This is an example of applying structured outputs -- getting information out of plain text narratives using LLMs -- applied to extracting information out of police narratives. For a few examples, the output are in the brackets, and the input is the text following the pipe.
{'crime': 'larceny'} | SUSP TOOK COMP'S PROPERTY WITHOUT CONSENT. END OF ELEMENTS.
{'crime': 'burglary'} | INV OF BURGLARY. END OF ELEMENTS
{'crime': 'shooting', 'weapon': 'gun'} | SEE RELATED RPT #101608B. ON LISTED DATE AND TIME, SUSP SHOT AT COMP'S DIRECTION INTENDING TO ASSAULT HIM. END OF ELEMENTS.

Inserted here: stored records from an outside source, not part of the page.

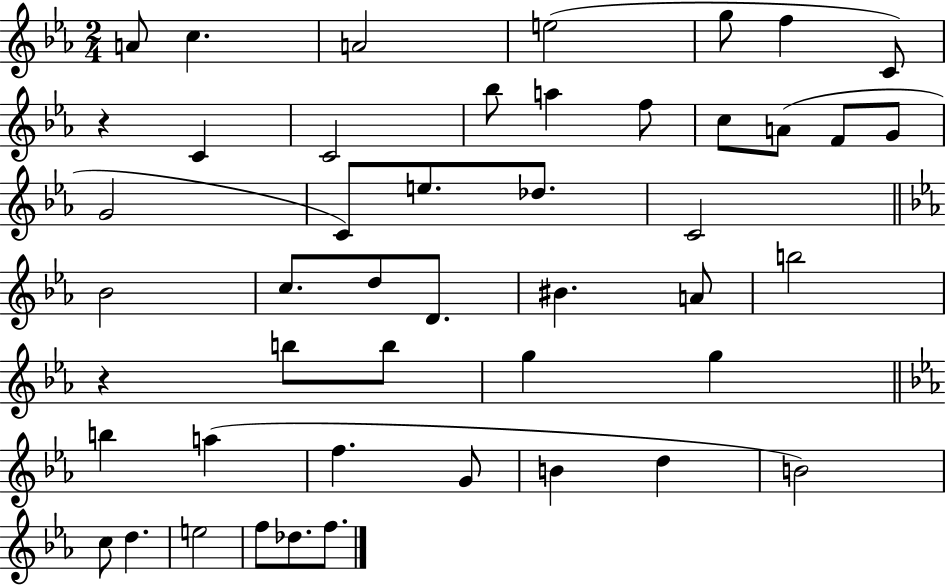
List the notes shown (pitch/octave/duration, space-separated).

A4/e C5/q. A4/h E5/h G5/e F5/q C4/e R/q C4/q C4/h Bb5/e A5/q F5/e C5/e A4/e F4/e G4/e G4/h C4/e E5/e. Db5/e. C4/h Bb4/h C5/e. D5/e D4/e. BIS4/q. A4/e B5/h R/q B5/e B5/e G5/q G5/q B5/q A5/q F5/q. G4/e B4/q D5/q B4/h C5/e D5/q. E5/h F5/e Db5/e. F5/e.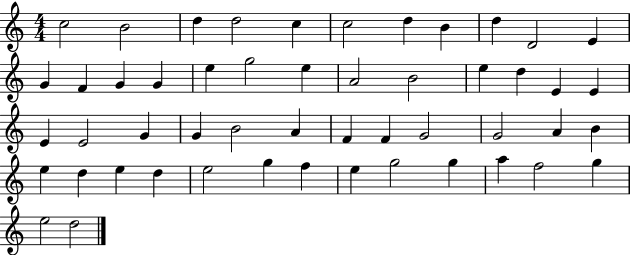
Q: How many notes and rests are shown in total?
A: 51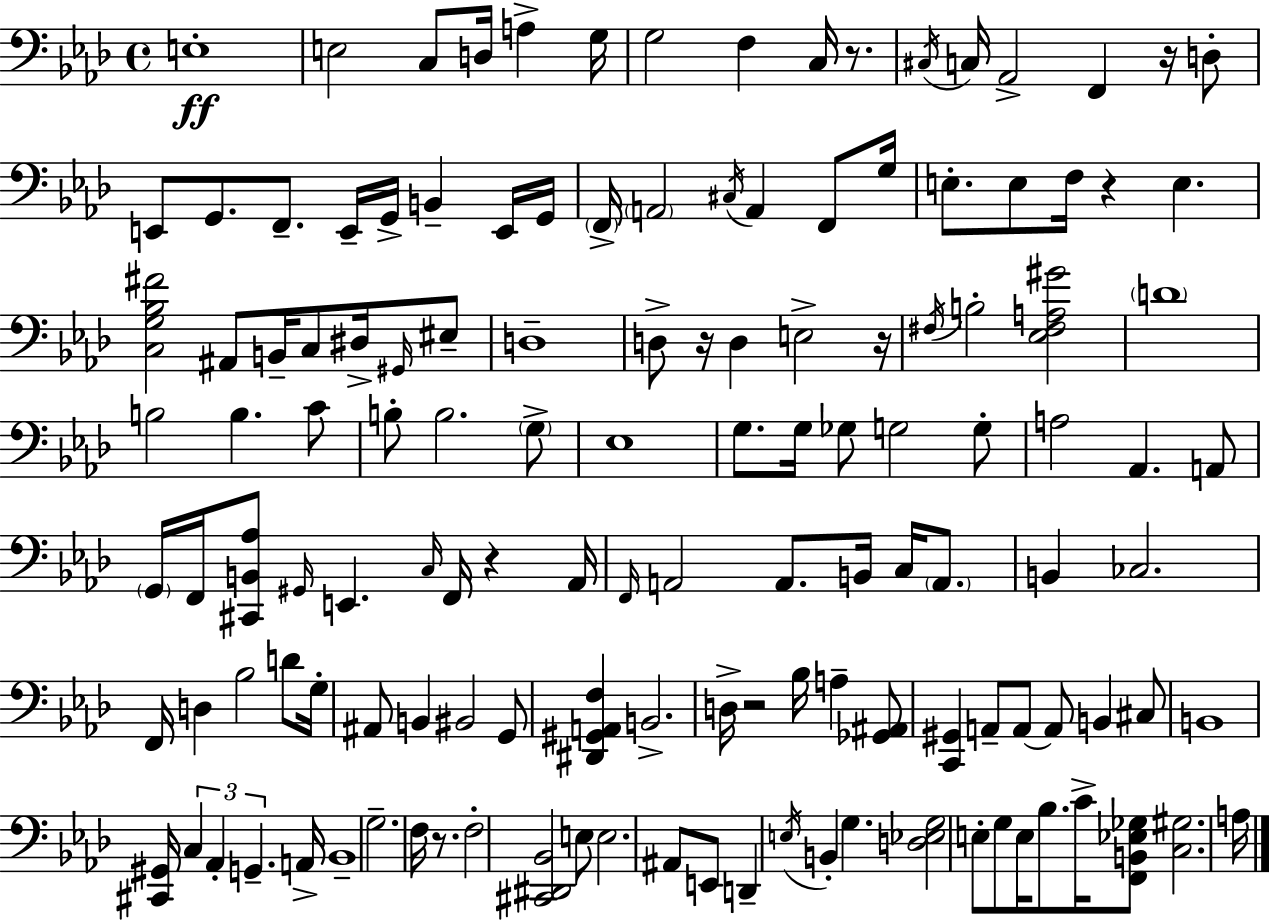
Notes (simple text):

E3/w E3/h C3/e D3/s A3/q G3/s G3/h F3/q C3/s R/e. C#3/s C3/s Ab2/h F2/q R/s D3/e E2/e G2/e. F2/e. E2/s G2/s B2/q E2/s G2/s F2/s A2/h C#3/s A2/q F2/e G3/s E3/e. E3/e F3/s R/q E3/q. [C3,G3,Bb3,F#4]/h A#2/e B2/s C3/e D#3/s G#2/s EIS3/e D3/w D3/e R/s D3/q E3/h R/s F#3/s B3/h [Eb3,F#3,A3,G#4]/h D4/w B3/h B3/q. C4/e B3/e B3/h. G3/e Eb3/w G3/e. G3/s Gb3/e G3/h G3/e A3/h Ab2/q. A2/e G2/s F2/s [C#2,B2,Ab3]/e G#2/s E2/q. C3/s F2/s R/q Ab2/s F2/s A2/h A2/e. B2/s C3/s A2/e. B2/q CES3/h. F2/s D3/q Bb3/h D4/e G3/s A#2/e B2/q BIS2/h G2/e [D#2,G#2,A2,F3]/q B2/h. D3/s R/h Bb3/s A3/q [Gb2,A#2]/e [C2,G#2]/q A2/e A2/e A2/e B2/q C#3/e B2/w [C#2,G#2]/s C3/q Ab2/q G2/q. A2/s Bb2/w G3/h. F3/s R/e. F3/h [C#2,D#2,Bb2]/h E3/e E3/h. A#2/e E2/e D2/q E3/s B2/q G3/q. [D3,Eb3,G3]/h E3/e G3/e E3/s Bb3/e. C4/s [F2,B2,Eb3,Gb3]/e [C3,G#3]/h. A3/s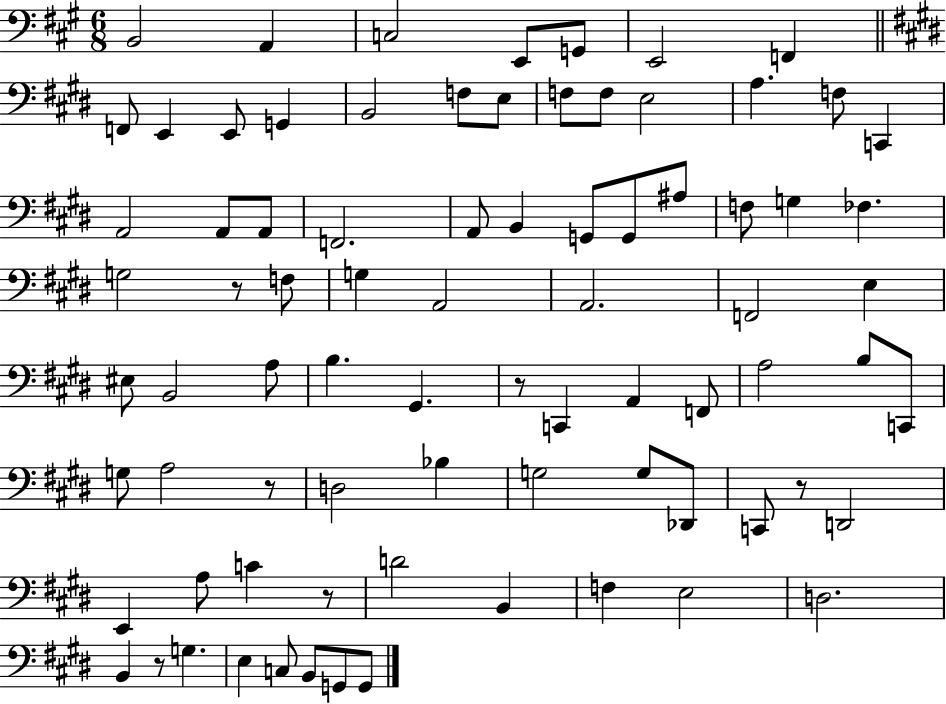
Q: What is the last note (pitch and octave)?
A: G2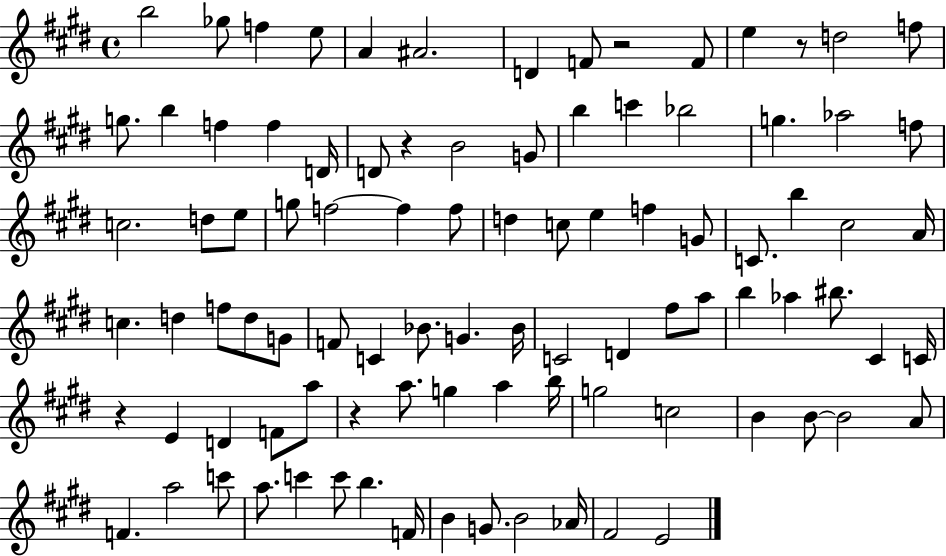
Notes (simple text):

B5/h Gb5/e F5/q E5/e A4/q A#4/h. D4/q F4/e R/h F4/e E5/q R/e D5/h F5/e G5/e. B5/q F5/q F5/q D4/s D4/e R/q B4/h G4/e B5/q C6/q Bb5/h G5/q. Ab5/h F5/e C5/h. D5/e E5/e G5/e F5/h F5/q F5/e D5/q C5/e E5/q F5/q G4/e C4/e. B5/q C#5/h A4/s C5/q. D5/q F5/e D5/e G4/e F4/e C4/q Bb4/e. G4/q. Bb4/s C4/h D4/q F#5/e A5/e B5/q Ab5/q BIS5/e. C#4/q C4/s R/q E4/q D4/q F4/e A5/e R/q A5/e. G5/q A5/q B5/s G5/h C5/h B4/q B4/e B4/h A4/e F4/q. A5/h C6/e A5/e. C6/q C6/e B5/q. F4/s B4/q G4/e. B4/h Ab4/s F#4/h E4/h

{'crime': 'theft from mv', 'modusoperandi': 'pried open window', 'vehicle-type': 'Silverado', 'items': ['laptop','ipad']} | BETWEEN THE HOURS OF 5:00PM AND 7:00PM AT THE OFFENSE LOCATION 3501 SAMUELL BLVD, TENSION PARK GOLF COURSE. THE COMP AND THE CC LEFT THEIR BELONGS, 2 LAPTOP AND IPAD 4, IN TWO SEPARATE LAPTOP BAGS IN THE REAR SEAT OF THE COMP'S VEHICLE A 2007 CHEVY SILVERADO. UNK SUSP PRIED OPEN THE COMP'S REAR DRIVERSIDE WINDOW, MADE ENTRY, AND TOOK THE COMP'S AND CC'S LISTED PROPERTY WITHOUT CONSENT. SUSP FLED IN UNK DIRECTION BY UNK MEANS.NF END OF ELEMENT
{'crime': 'burglary', 'modusoperandi': 'Pushed Air Conditioner'} | ON LISTED DATE AND TIMES SUSP REMOVED THE AC FROM THE FRONT WINDOW OF THE LISTED LOCATION. SUSP THEN ENTERED AND TOOK THE LISTED PROPERTY FROMINSIDE THE LISTED LOCATION WITHOUT THE OWNERS CONSENT. SUSP FLED IN THE SUSP VEHICLE AND STUCK HIS MIDDLE FINGER UP AT THE WITNESS AS HE FLED. SUSP WAS WEARING A GRAY HOODED SWEATSHIRT. PES WAS ORDERED TO THE SCENE.COMP WAS AT WORK WHEN THE OFFENSE HAPPENED.NFI. END OF ELEMENTS
This repo shows how to prompt an LLM (Anthropic's Haiku, called using AWS Bedrock, but you can use any model).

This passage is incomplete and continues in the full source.